Em julho, o crescimento da indústria também havia sido de 0,7%

iG Minas Gerais |

Luta. Trabalhadores fizeram ontem de manhã protesto na porta da Mercedes-Benz, em Juiz de Fora
Paula Spencer/ STIM
Luta. Trabalhadores fizeram ontem de manhã protesto na porta da Mercedes-Benz, em Juiz de Fora

SÃO PAULO. A produção da indústria em Minas Gerais no mês de agosto ficou praticamente estagnada. De acordo com levantamento feito pelo Instituto Brasileiro de Geografia e Estatística (IBGE), o setor no Estado teve um crescimento de apenas 0,1% em agosto. A produção da indústria mineira cresceu menos que a média nacional – que teve índice de 0,7%.

Dos 14 locais pesquisados, dez tiveram expansão. O Rio Grande do Sul liderou a alta da produção industrial no mês de agosto. A indústria naquele Estado cresceu 4,2% no mês – a maior taxa deste levantamento. Já o Amazonas teve a maior queda do setor registrada em agosto.

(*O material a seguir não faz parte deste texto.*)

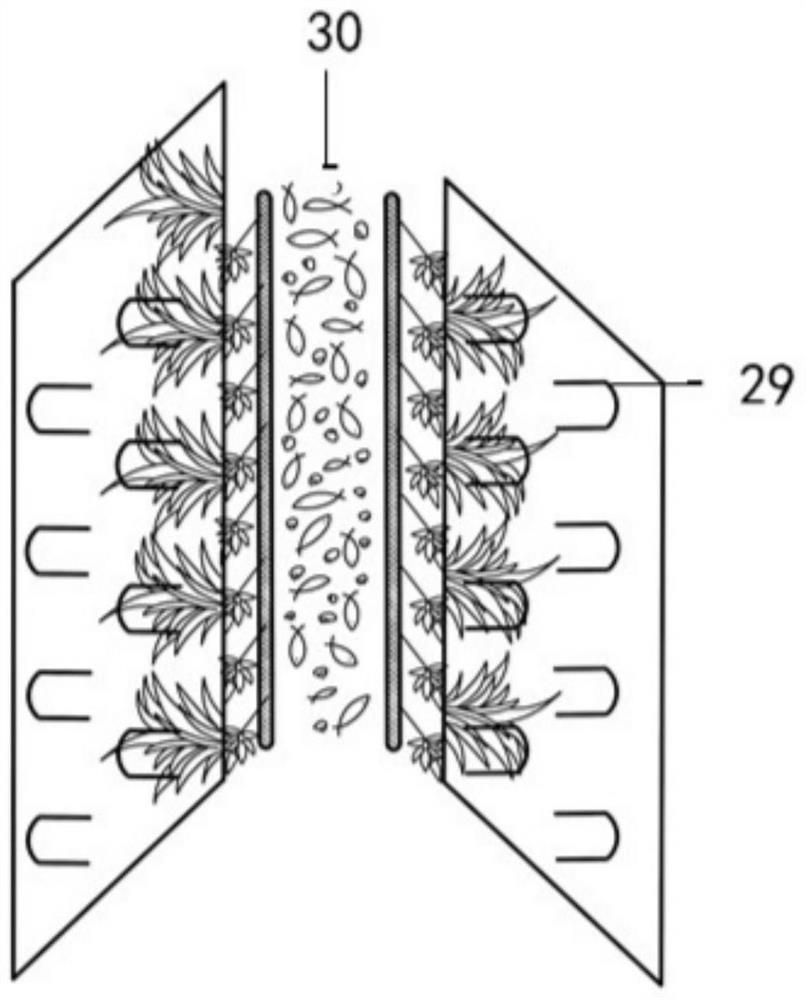 Purification system for integrated culture of fishes and shrimps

A produção industrial amazonense encolheu 4,5%. De acordo com o IBGE, além do Rio Grande do Sul registraram altas acima da média nacional Goiás (3,3%), Espírito Santo (3,2%), Ceará (2,8%), Pernambuco (2,7%), Paraná (2,1%), Pará (2,0%) e São Paulo (0,8%). Mas com crescimento abaixo da média nacional, além de Minas Gerais, aparece Santa Catarina, cuja produção industrial cresceu apenas 0,5%. Ou seja, entre os dois Estados onde a indústria cresceu menos, Minas ainda ocupa a pior posição no mês de agosto. Na outra ponta, além do Amazonas, tiveram queda na produção industrial também a Bahia (-4,2%), o Rio de Janeiro (-1,6%) e a Região Nordeste (-1,2%). País. O levantamento teve o segundo avanço da produção industrial, depois de registrar queda entre março e junho. Em julho, o crescimento da indústria também havia sido de 0,7%. “É uma melhora em relação a um passado recente, mas não zera as perdas”, esclarece o gerente da Coordenação de Indústria do IBGE, André Luiz Macedo.

Setores Destaques. Catorze ramos tiveram crescimento. O destaque é a indústria extrativa (2,4%). Em seguida: máquinas e equipamentos (3,9%) e derivados do petróleo e biocombustíveis (1,5%).